— TASK ITEM —
Restate word for word the lines between the start of the material and the line with "Spoof Jokes Reusable", keeping both of those ends and none of the pictures.
*** MATERIAL SHOWN Section Begins ***
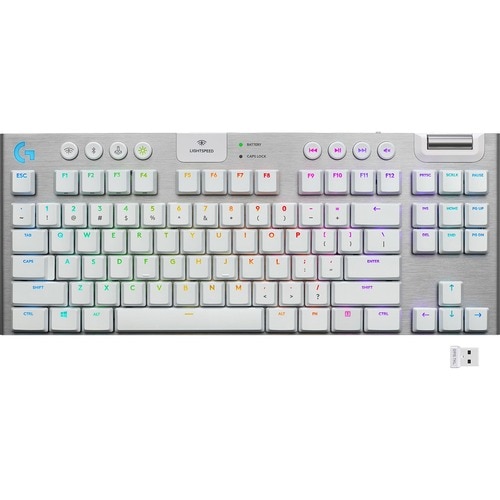 Logitech G915 TKL Tenkeyless Lightspeed Wireless RGB Mechanical Gaming Keyboard - Wireless Connectivity - Bluetooth/Wi-Fi 
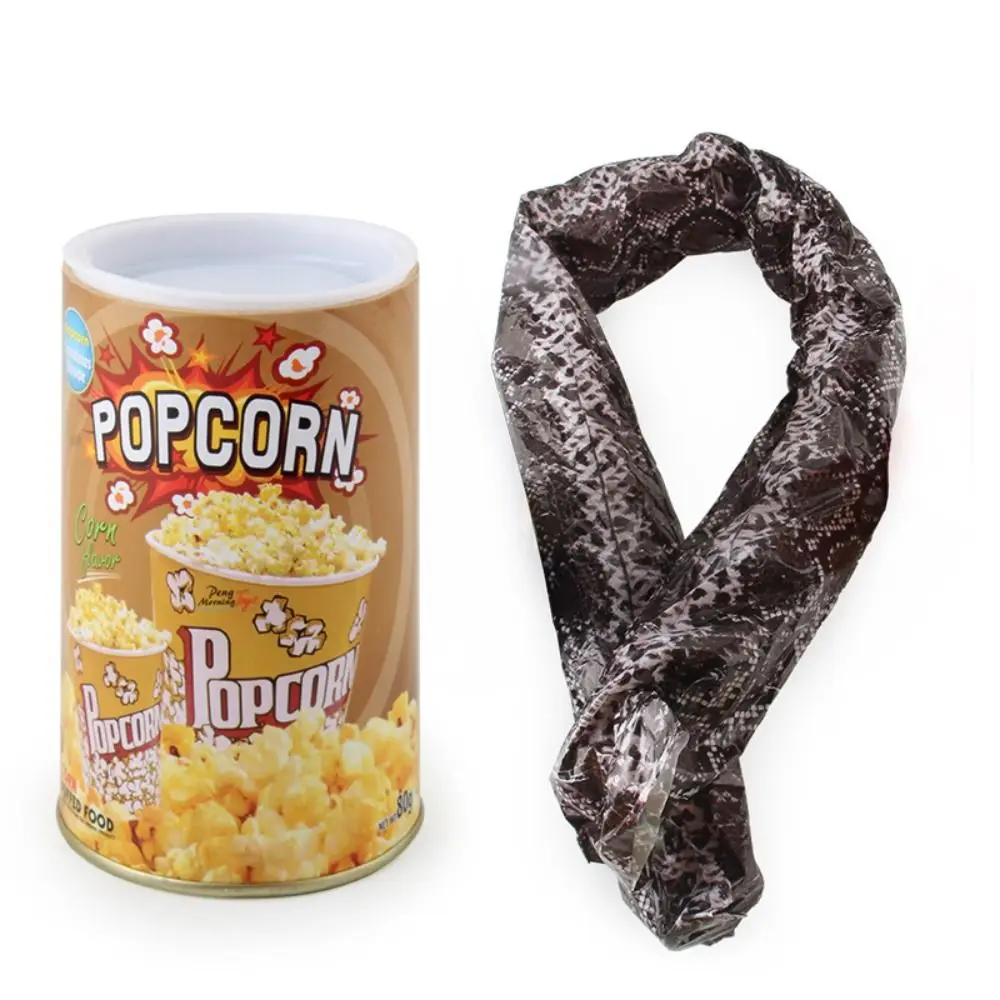 

Spoof Jokes Reusable Fake Snake Toys Jump Magic Tricks Popcorn Can April Fool Day Prank Toy Spring Snake Party Decoration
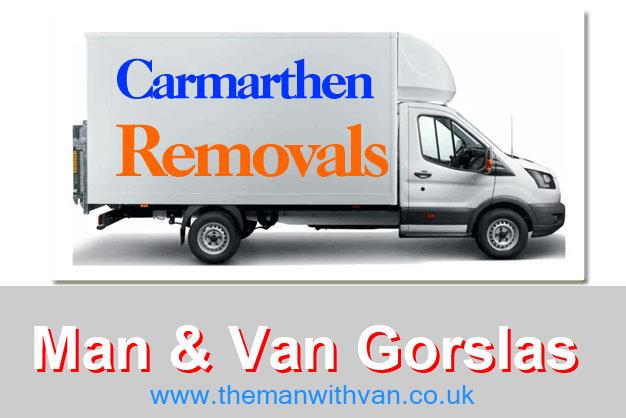 Gorslas man with van removal company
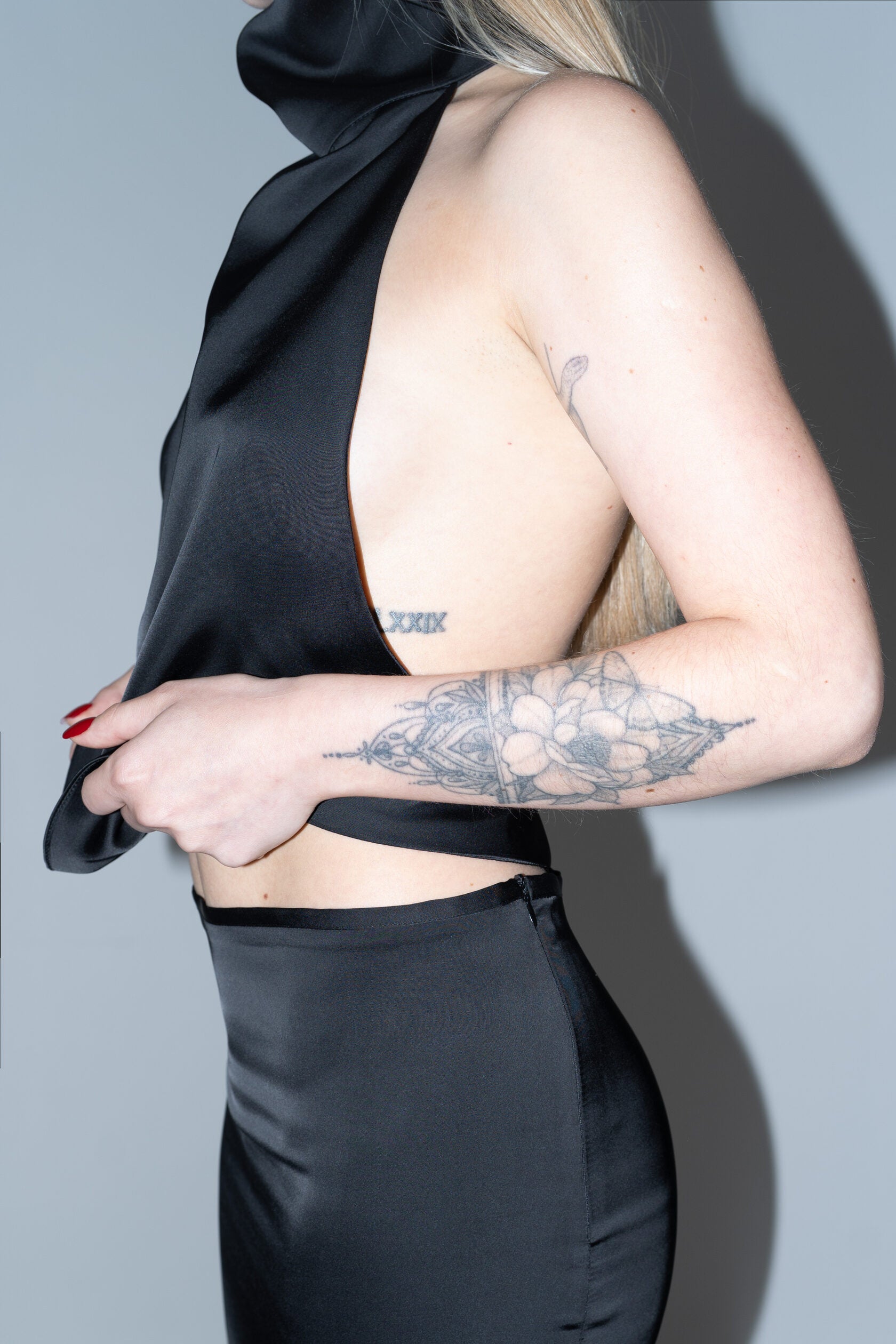 LIMITED EDITION The Liquid Viscose Halter and Maxi Skirt Longline Set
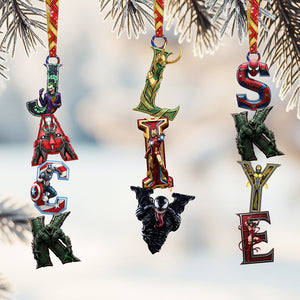 Alphabet Name Acrylic Ornament, Personalized Gifts For Christmas 02huta281025-Homacus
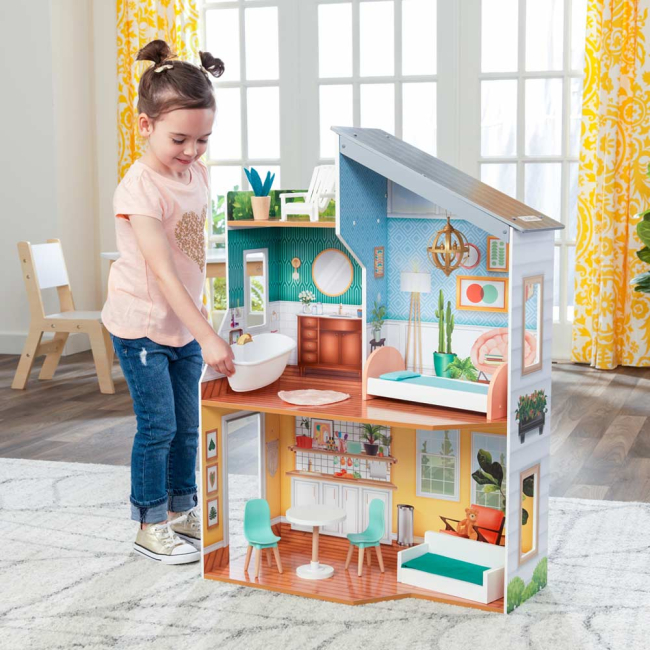 Мебель и домики - Кукольный домик KidKraft Особняк Эмили (65988)#5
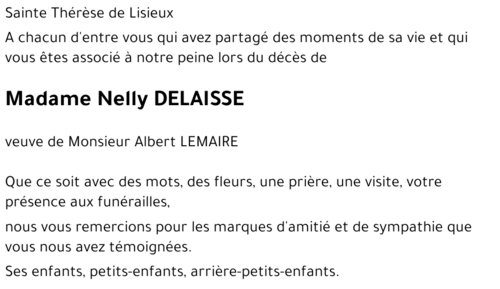 Nelly DELAISSE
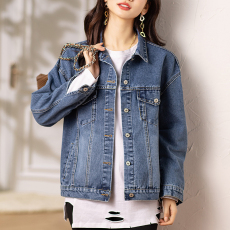 批发限价+12+小视频  2026春季韩版新款<b class='q'>牛仔</b>外套时尚百搭上衣女
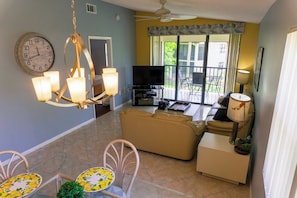 This spacious apartment features comfy sofa bed, TV, wi-fi and comes with breathtaking views right from the balcony! Can you wish for more?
*** MATERIAL SHOWN Section Ends ***
— EXERCISE ANSWER —
 Logitech G915 TKL Tenkeyless Lightspeed Wireless RGB Mechanical Gaming Keyboard - Wireless Connectivity - Bluetooth/Wi-Fi 

Spoof Jokes Reusable Fake Snake Toys Jump Magic Tricks Popcorn Can April Fool Day Prank Toy Spring Snake Party Decoration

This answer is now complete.